Interview de M. Renaud Muselier, secrétaire d'Etat aux affaires étrangères, à France info le 5 janvier 2004, sur la catastrophe aérienne de Charm El Cheikh, l'enquête et le respect des normes françaises et internationales concernant la sécurité des avions.

Personnalité, fonction : MUSELIER Renaud.

FRANCE. SE aux affaires étrangères

Circonstances : Crash du boeing 737 de la compagnie charter égyptienne Flash Airlines le 3 janvier 2004 à Charm El Cheikh (Egypte) causant la mort de 133 Français

ti : Q - Renaud Muselier, bonjour.

R - Bonjour.

Q - Vous rentrez d'Egypte où vous vous êtes rendu dès samedi. Sur place, à Charm El Cheikh, les recherches continuent et la France, on le sait, à déployer des moyens très importants en hommes mais aussi en matériel. Pensez-vous que les familles des victimes auront bientôt des explications sur ce qui s'est passé samedi matin à bord du Boeing de la Flash Airlines ?

R - Il y a des questions très claires qui se posent. Pourquoi cet accident ? A quel niveau y a-t-il eu des erreurs ou des manquements de vigilance ou des incohérences ? Pourquoi y a-t-il eu cet accident ? L'enquête va suivre son cours et il faut apporter une réponse très rapide pour arriver à faire ce travail de deuil parce que c'est un drame épouvantable ; pour les familles, il faut des réponses claires.

Q - Dominique Bussereau, secrétaire d'Etat aux transports, a déclaré ce matin qu'il s'agissait "vraisemblablement" d'un accident classique au décollage. C'est votre avis ?

R - Incontestablement, sur place, avec les travaux que nous avons faits avec les Egyptiens, on constate que, en moins de 50 secondes, l'avion a eu un problème majeur, a piqué du nez et s'est écrasé en mer. Ceci confirme toutes les informations au niveau optique que nous avons, d'un accident. Pourquoi cet accident ? Il faudra vérifier. Aujourd'hui, il faut penser aux familles des victimes, à la dignité dont il faut faire preuve autour de cette disparition et le travail de deuil qui doit être terrible et très difficile à faire pour les familles. On s'est occupé essentiellement de mettre en place un dispositif autour des familles, pour les familles et bien entendu pour la clarté de la visibilité de cet accident, des raisons de cet accident. Les recherches, les identifications des corps et les possibilités de récupération des corps dans la carlingue qui est soit dans une fosse à 150 mètres, ce qui n'est pas un gros problème, soit à 1 000 mètres, mais on sera fixé aujourd'hui.

Q - La Suisse avait interdit la compagnie Flash Airlines d'évoluer dans son espace aérien. Les autorités helvétiques ont prévenu tous les pays européens, y compris la France. Est-ce qu'il n'aurait pas été plus sage de suivre l'exemple suisse ?

R - Il y a des normes internationales qui sont apparemment respectées et parallèlement à cela, la direction générale de l'Aviation civile a fait un certain nombre de contrôles sur ces avions qui n'ont jamais révélé des fautes qui en interdisent l'exploitation.

Q - Mais la compagnie égyptienne a eu des problèmes à répétition en 2002 et en 2003.

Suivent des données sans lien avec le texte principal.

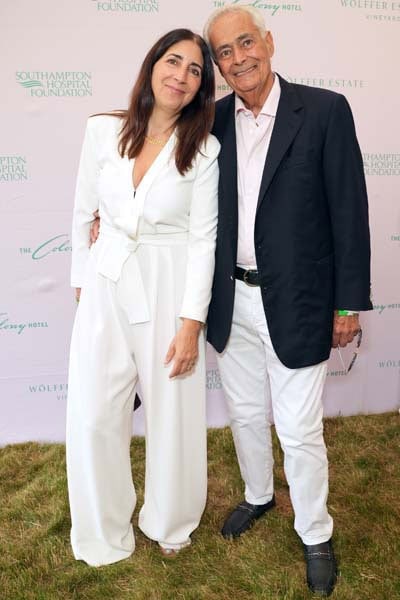 Stony Brook Southampton Hospital 65th Annual Summer Party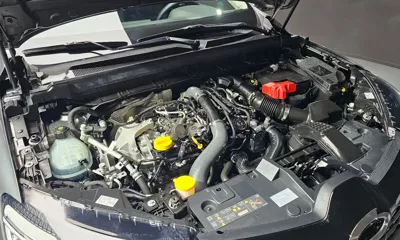 Renault-KoreaSamsung XM3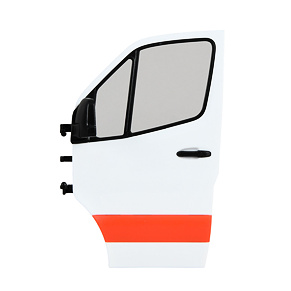 Linke Tür für MB Sprinter Krankenwagen - Bruder 46311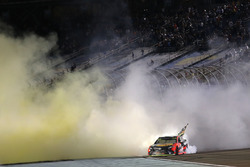 2017 champion Martin Truex Jr., Furniture Row Racing Toyota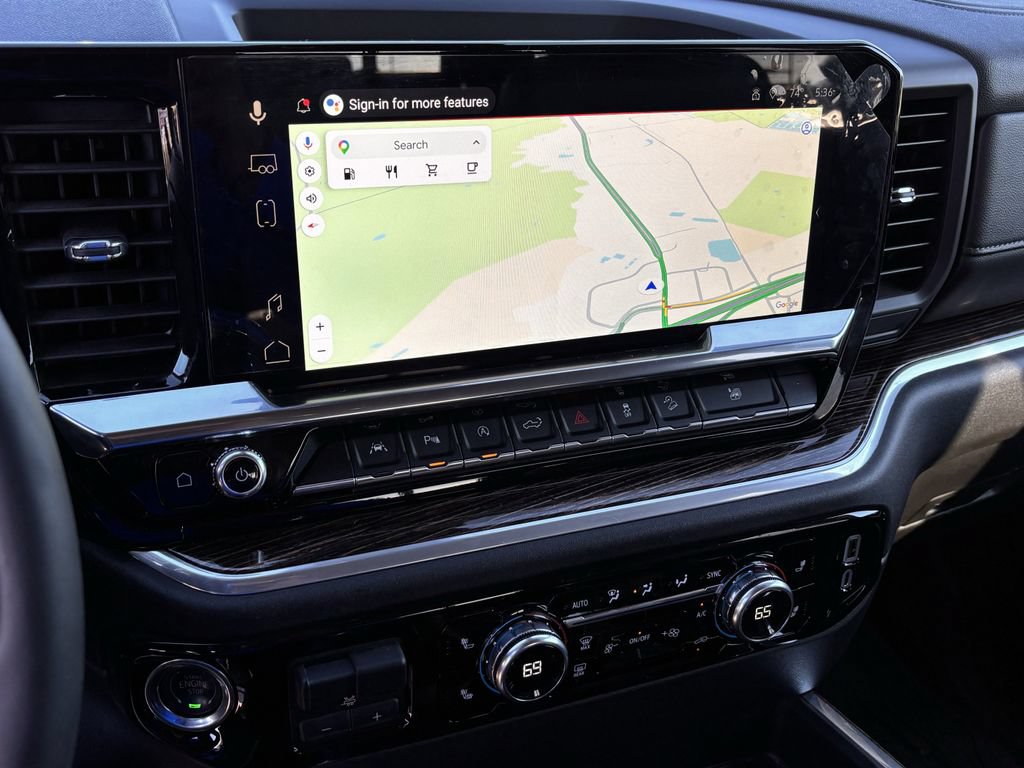2026 GMC Sierra 1500 Elevation - Photo 16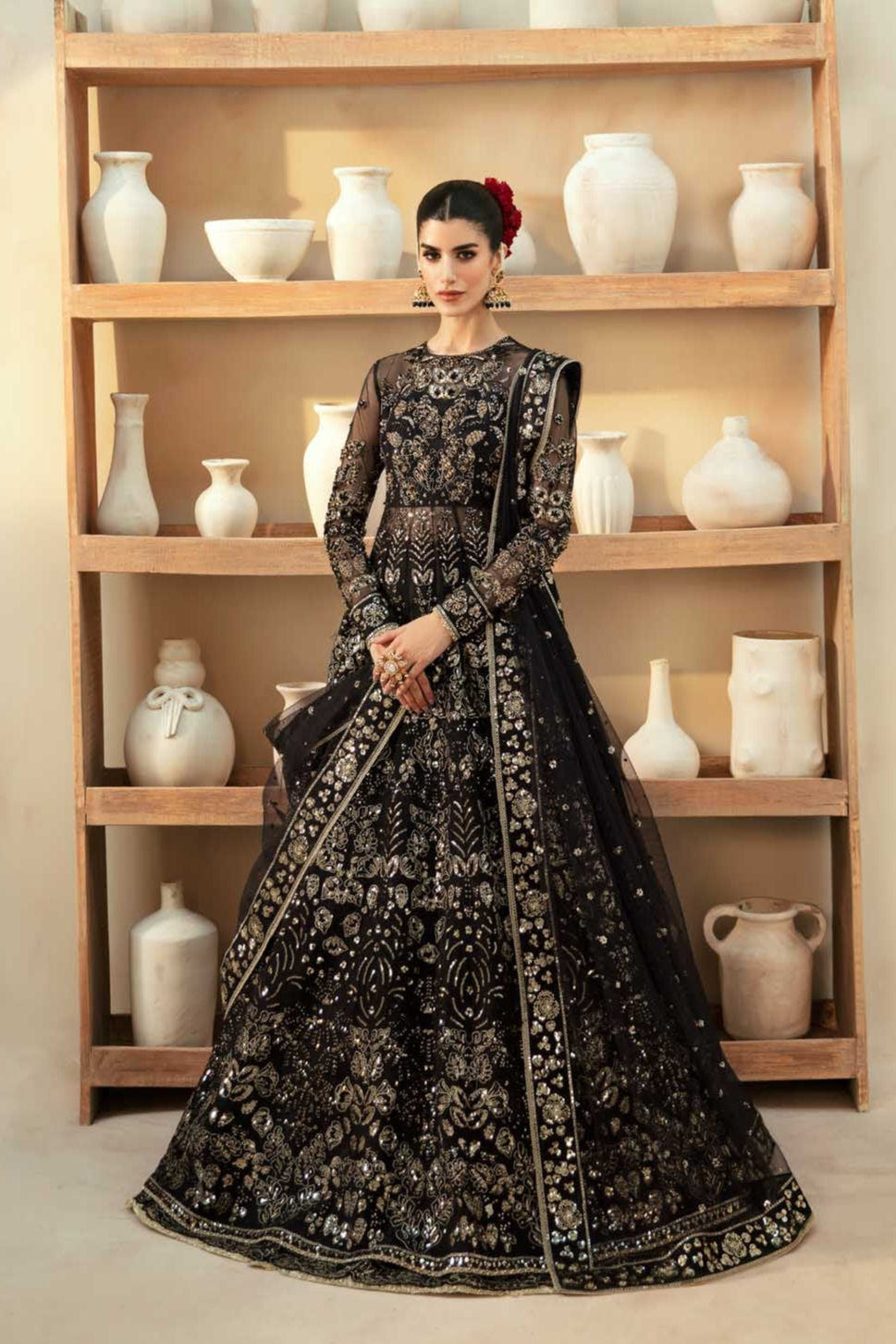 Akbar Aslam | Formals | Cinder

R - En attendant, les contrôles impromptus qui ont été faits n'ont pas révélé d'irrégularités. Tout ceci sera à vérifier mais c'est ce qui est apparemment dans tous les dossiers.

Q - Est-ce que cet accident va inciter les autorités françaises à être plus exigeantes à l'égard de certaines compagnies aériennes à bas prix ?

R - C'est une très bonne question et incontestablement les normes édictées par l'aviation civile française, mais aussi les normes internationales, se doivent d'être parfaitement respectées par tous et pour tous, de façon à ce que ce mode de circulation qui est extraordinaire et utilisé par des millions de personnes à travers le monde soit d'une fiabilité la plus grande possible.

Q - Renaud Muselier, merci beaucoup.